:: Records for this task
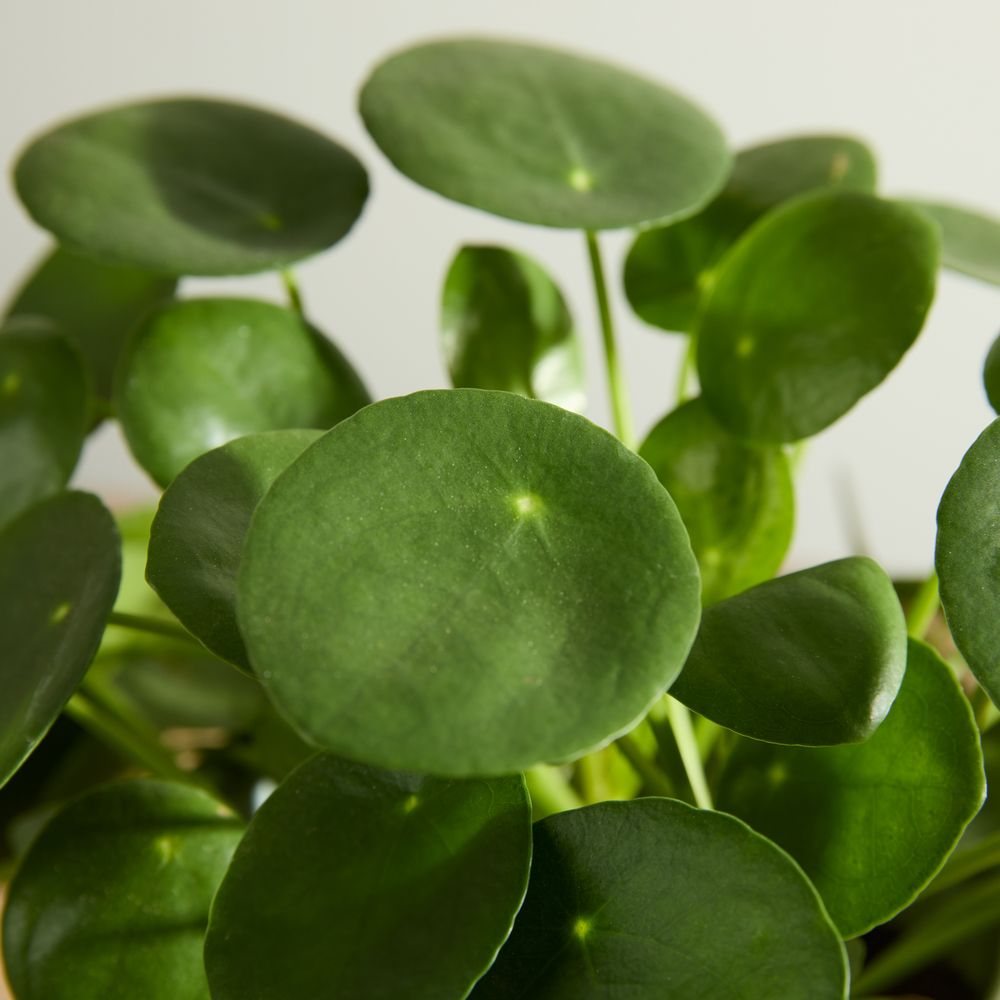 Chinese Money Plant with Pot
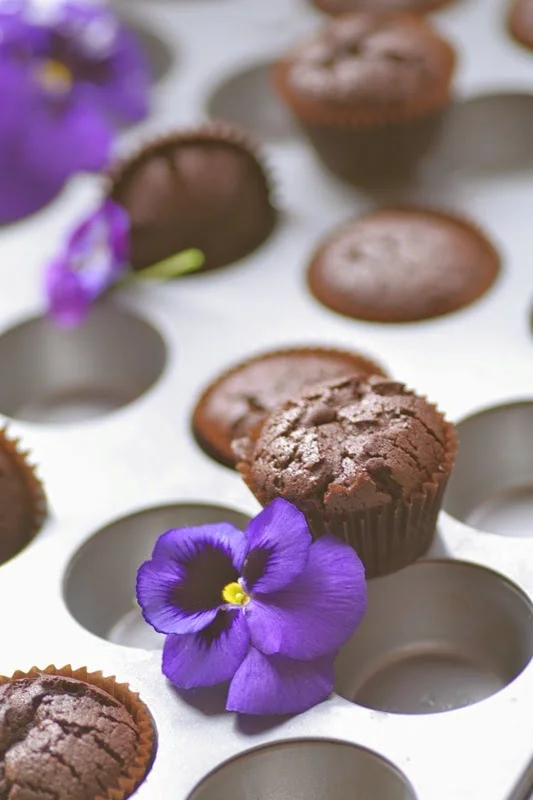 The Petite Chocolate Cupcake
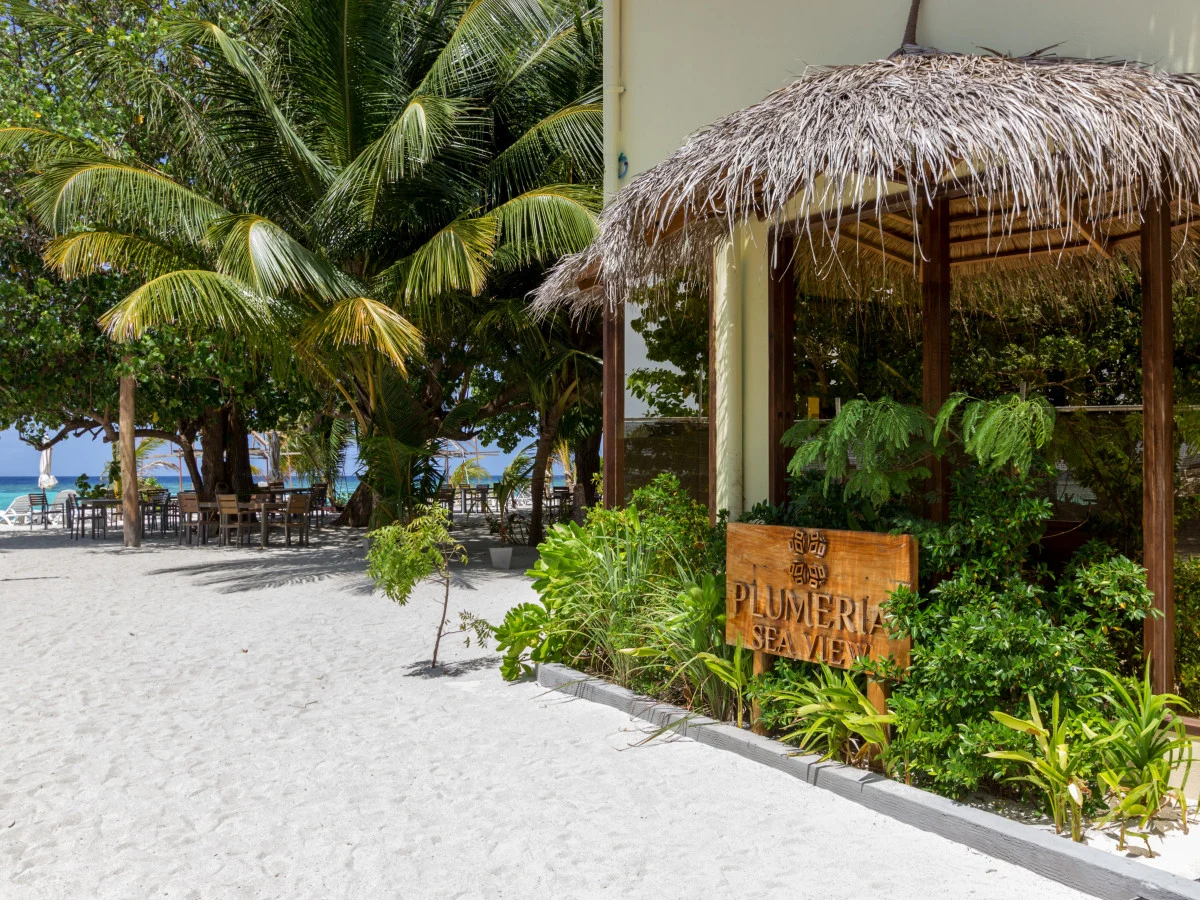 Plumeria Maldives
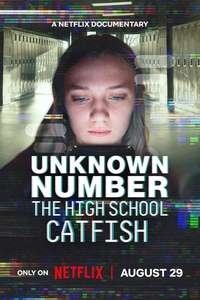 Unknown Number: The High School Catfish - Posters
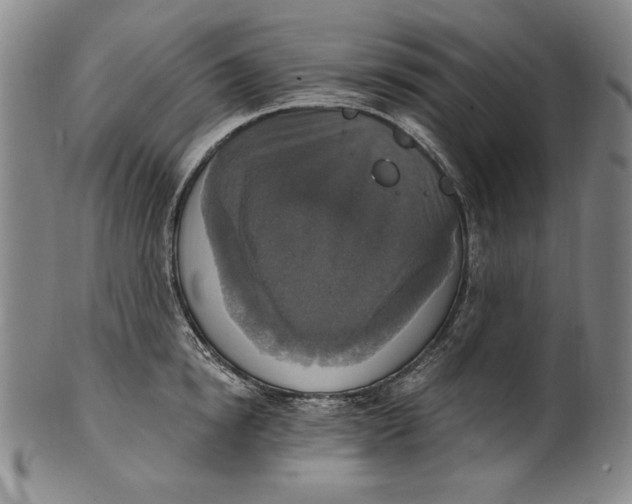 X0000101970854200808081549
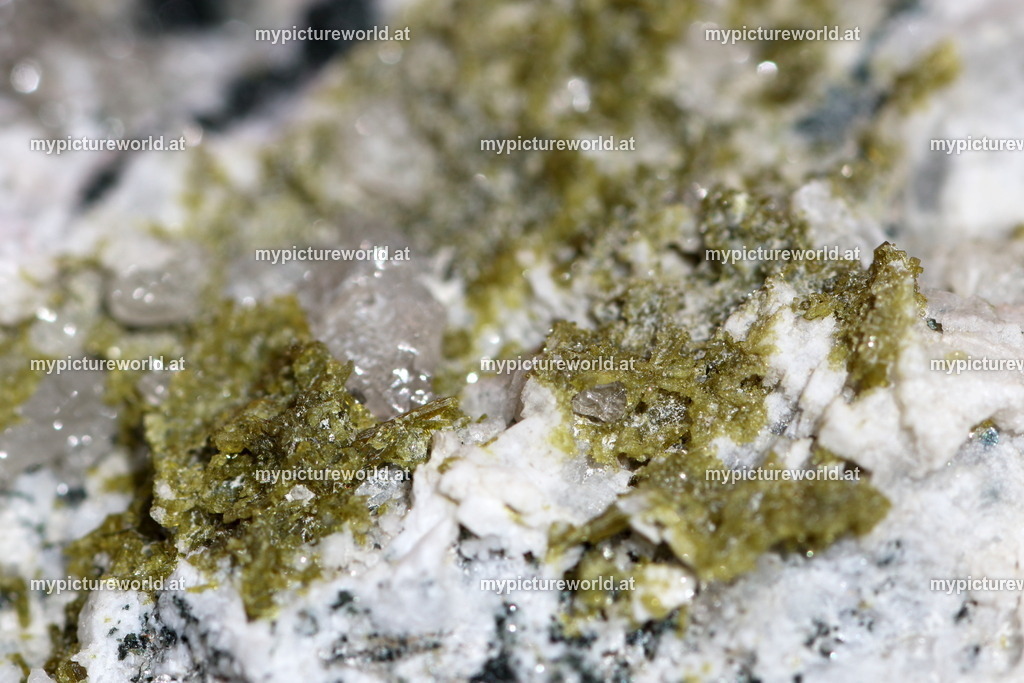 Epidot-002 | Das Bilderarchiv über Tiere, Planzen und Landschaften. In der Bilddatenbank finden Sie ein große Auswahl an hochwertigen Bilder für Ihre Werbung - Realisiert mit Pictrs.com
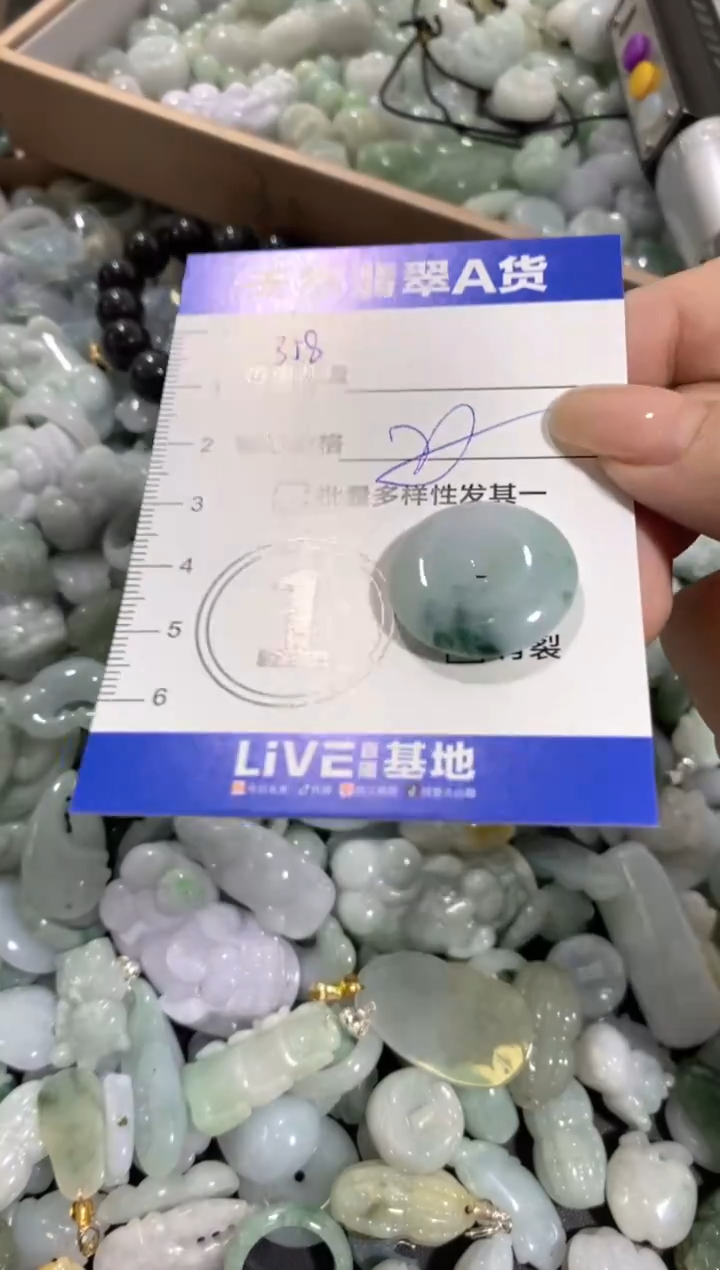 颈饰未镶嵌翡翠天然翡翠A货批量多样性发一件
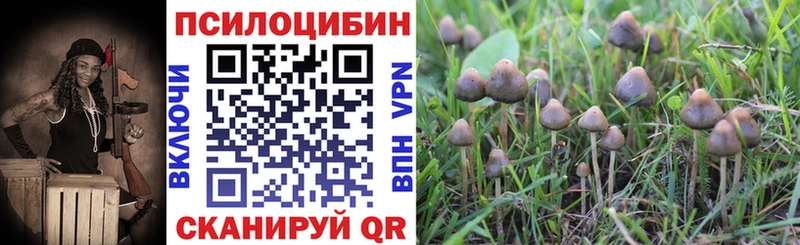 Псилоцибиновые грибы GOLDEN TEACHER  Южноуральск 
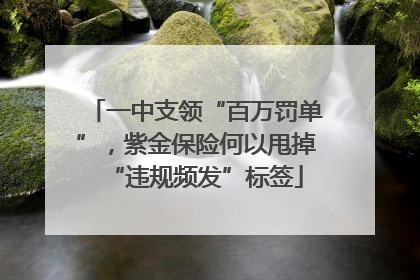 一中支领“百万罚单”，紫金保险何以甩掉“违规频发”标签
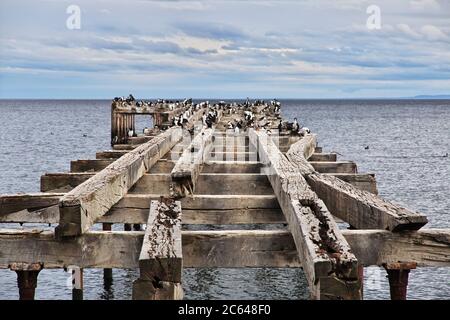 Alte Wharf im Hafen von Punta Arenas, Patagonien, Chile Stockfoto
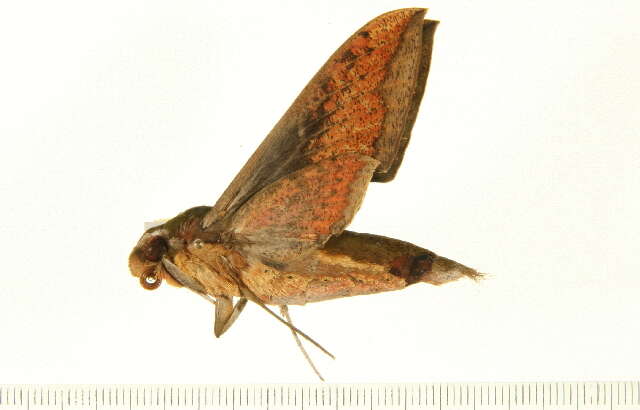 Image of Xylophanes nabuchodonosor Oberthür 1904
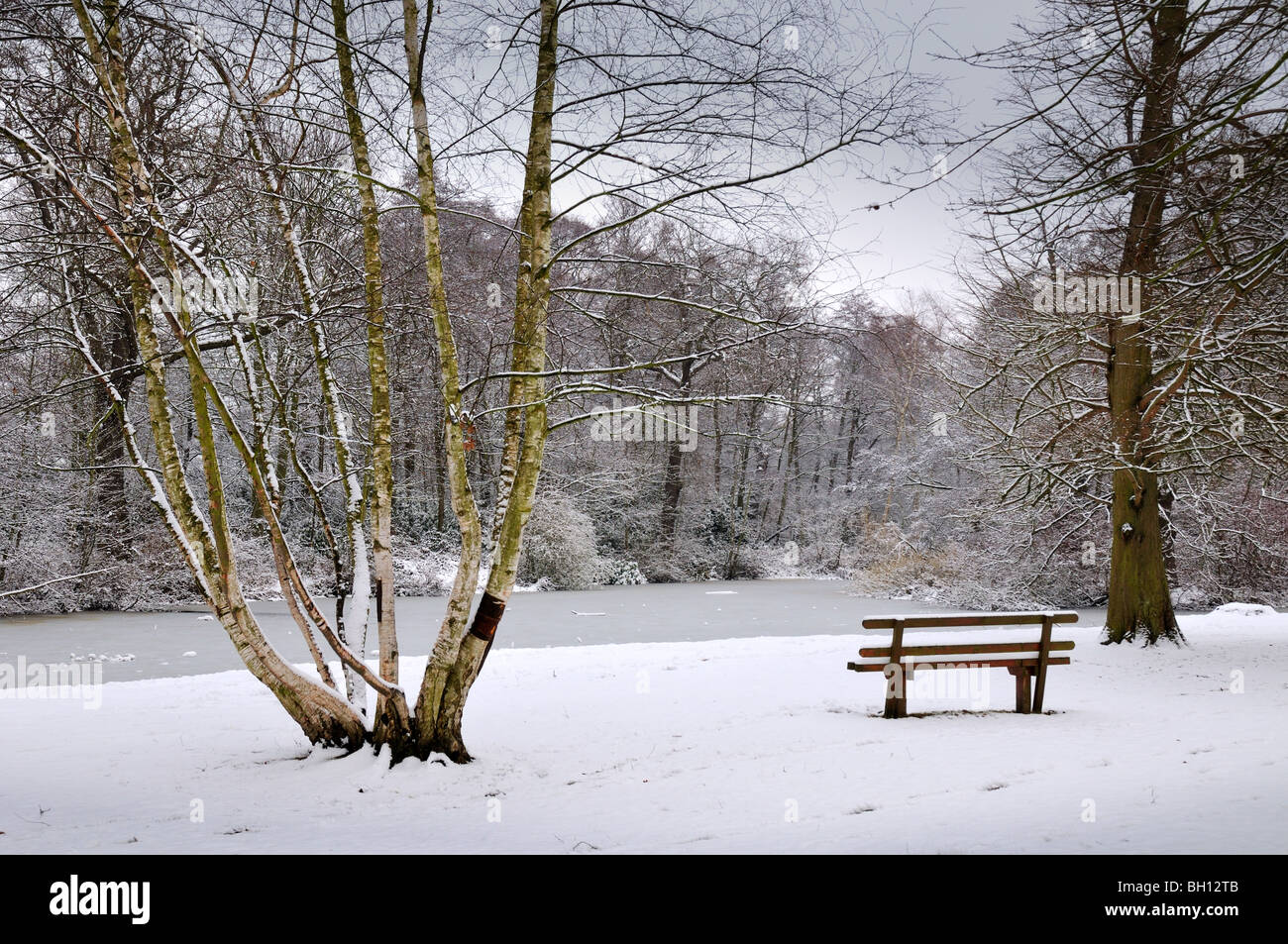 Park bench in snow covered woods Stock Photo - Alamy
::::
Task description -
With the pictures removed, write out exactly the lines from the line containing "Псилоцибиновые грибы GOLDEN" through the last line of the material above, both included.

Solution to this problem -
 Псилоцибиновые грибы GOLDEN TEACHER  Южноуральск 
 一中支领“百万罚单”，紫金保险何以甩掉“违规频发”标签
 Alte Wharf im Hafen von Punta Arenas, Patagonien, Chile Stockfoto
 Image of Xylophanes nabuchodonosor Oberthür 1904
 Park bench in snow covered woods Stock Photo - Alamy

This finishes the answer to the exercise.